Non, tout va encore bien. Mais bientôt, très bientôt, on ressentira l’impact des changements. Pas qu’avec des canicules plus intenses et des hivers étranges, mais avec ce qui pourrait bien prendre les allures d’une apocalypse. Des villes entières sous la mer. Des réfugiés partout, des civilisations brisées, des guerres. Bientôt. Donc, il faut faire la grève maintenant. Il est urgent d’agir.

Greta pointe du doigt l’Amazonie. C’est inquiétant, ce qui se passe en Amazonie. Depuis l’élection de Jair Bolsonaro au Brésil l’an dernier, la déforestation s’est accélérée de manière radicale. Bientôt, nous disent les scientifiques, ce qui reste de la forêt pourrait bien se dégrader en savane. Pour le « poumon de la planète », il sera bientôt trop tard.

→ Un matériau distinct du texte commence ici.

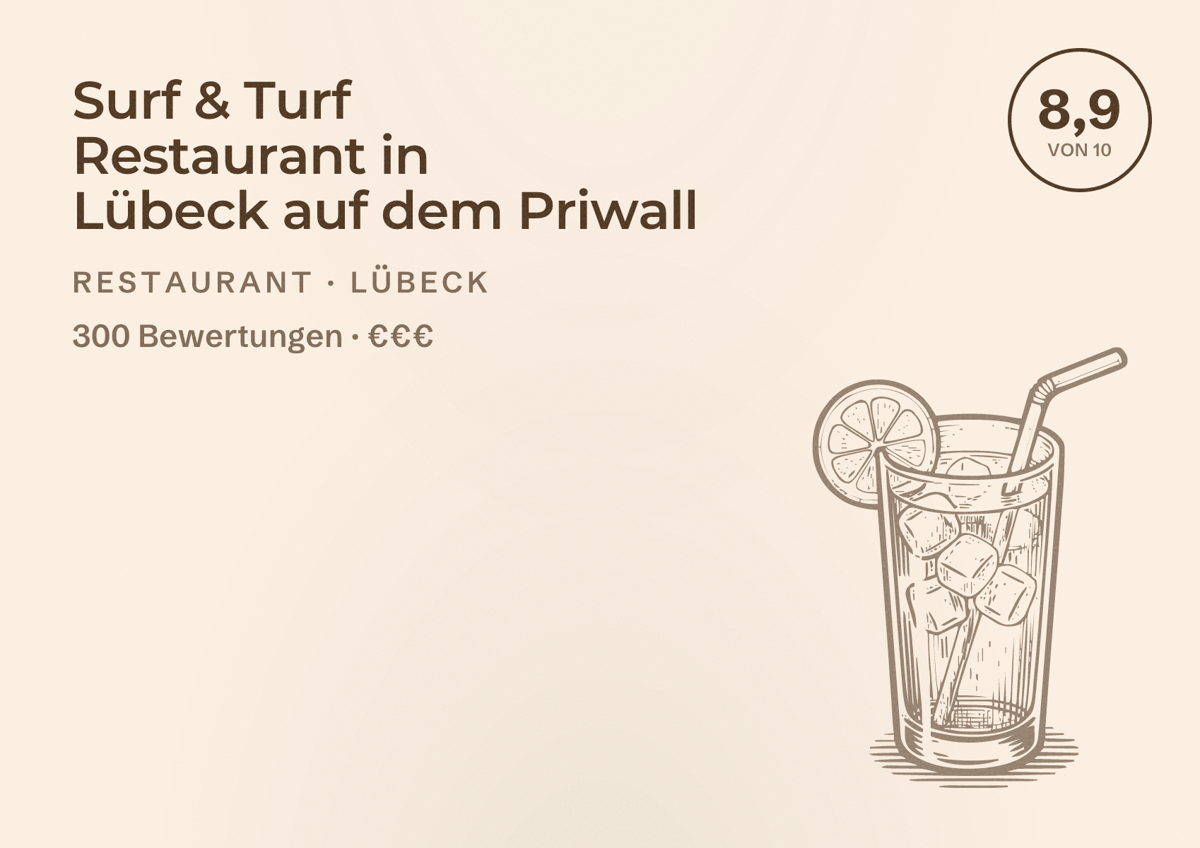 Illustriertes Poster von Surf & Turf Restaurant in Lübeck auf dem Priwall, Restaurant in Lübeck: Bewertung 8,9 von 10 aus 300 Bewertungen, Preisniveau €€€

Bien sûr, les Autochtones d’Amazonie, eux, ont une perspective différente. Au fil des siècles, une superficie étourdissante de territoire traditionnel est méconnaissable. Les braconniers — légaux ou pas, qu’est-ce que ça change — ont pollué les rivières. De nombreuses cultures en sont bouleversées. Des langues se perdent.

Vous savez, les films américains post-apocalyptiques, où quelques survivants cherchent à se défendre contre des menaces obscures dans une grande ville en ruine ? Pour bien des Autochtones de l’Amazonie, c’est déjà la réalité. Là-bas, on ne dit pas bientôt. On dit déjà trop tard. L’apocalypse est déjà passée. On se bat pour que celles et ceux qui y ont survécu n’y passent pas aussi. On se bat avec l’énergie du désespoir. On se sait en danger.

Greta pointe du doigt le Sahara. C’est inquiétant, la désertification qui s’accélère. Déjà, des peuples entiers n’arrivent plus à vivre des récoltes, et il n’y a plus de pâturage pour les troupeaux. Sept des dix plus grands camps de réfugiés du monde sont en Afrique. Les gens fuient la faim et le manque de ressources, et aussi beaucoup les guerres. Et les guerres, au fond, bien souvent, elles sont pour les ressources. La région du Sahel est déjà profondément déstabilisée. C’est la jeunesse de ces pays-là qui, trop souvent, risque sa vie dans la Méditerranée, dans l’espoir de rejoindre une Europe pourtant fermée. L’énergie du désespoir, disait-on.

Au Bangladesh, c’est environ 700 000 personnes par année qui sont déplacées par les changements climatiques. Le niveau de la mer monte, et la population des côtes n’a d’autre choix que de se réfugier dans les bidonvilles de l’intérieur des terres. En Amérique centrale, la déforestation et la pollution par l’exploitation minière poussent bien des familles à l’exil vers le Mexique et l’Amérique du Nord.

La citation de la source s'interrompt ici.